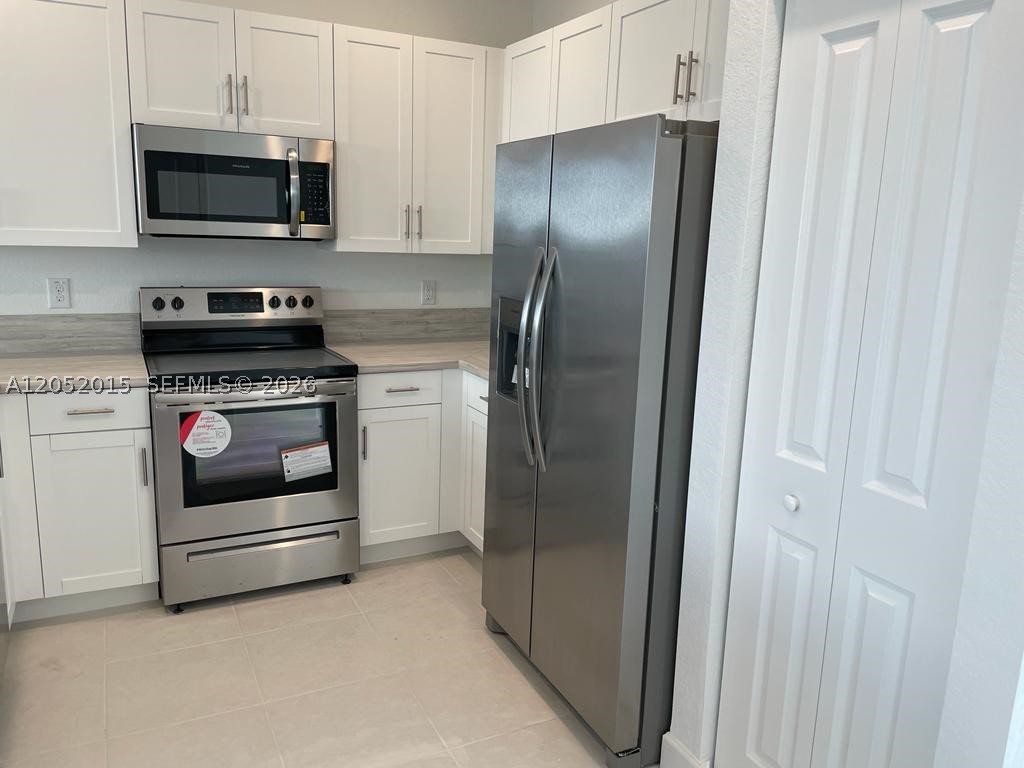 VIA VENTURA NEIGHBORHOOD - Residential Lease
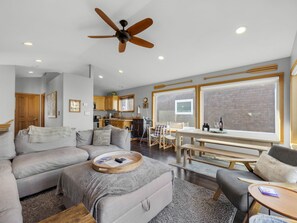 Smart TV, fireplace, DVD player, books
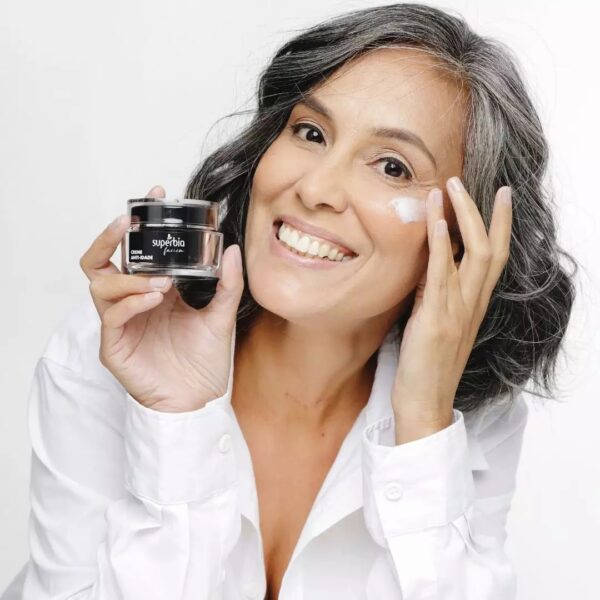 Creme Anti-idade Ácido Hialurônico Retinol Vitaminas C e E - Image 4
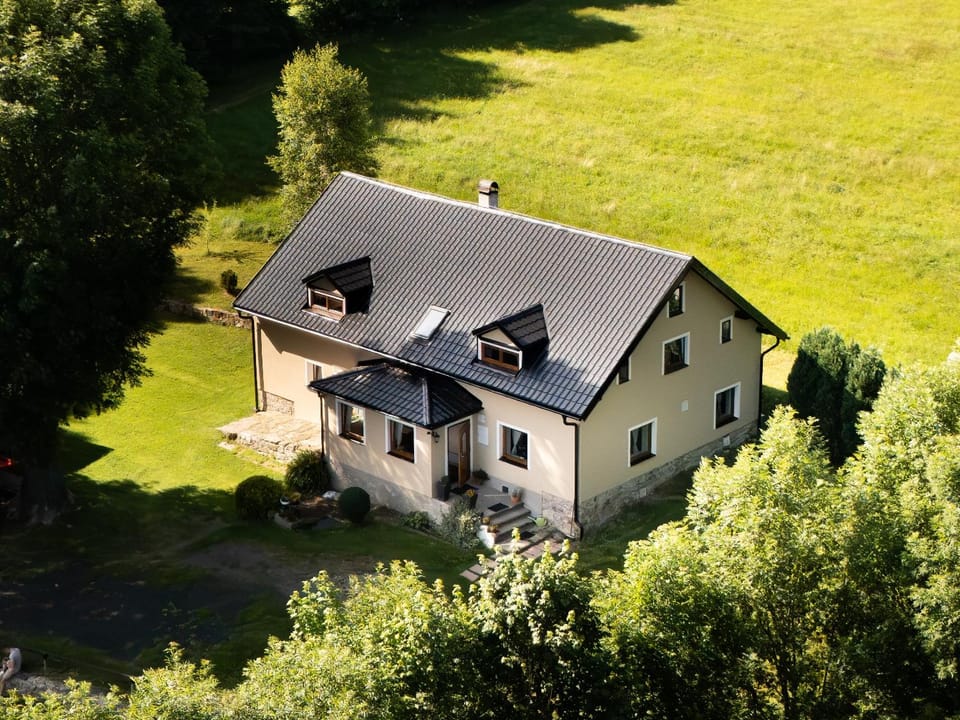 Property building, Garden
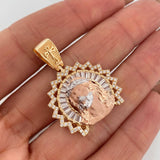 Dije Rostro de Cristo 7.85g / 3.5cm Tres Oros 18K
=-=-=-=-=
## YOUR INSTRUCTIONS
Your response must consist of the material above, reproduced word for word, with the images omitted.

## YOUR SOLUTION
 VIA VENTURA NEIGHBORHOOD - Residential Lease
 Smart TV, fireplace, DVD player, books
 Creme Anti-idade Ácido Hialurônico Retinol Vitaminas C e E - Image 4
 Property building, Garden
 Dije Rostro de Cristo 7.85g / 3.5cm Tres Oros 18K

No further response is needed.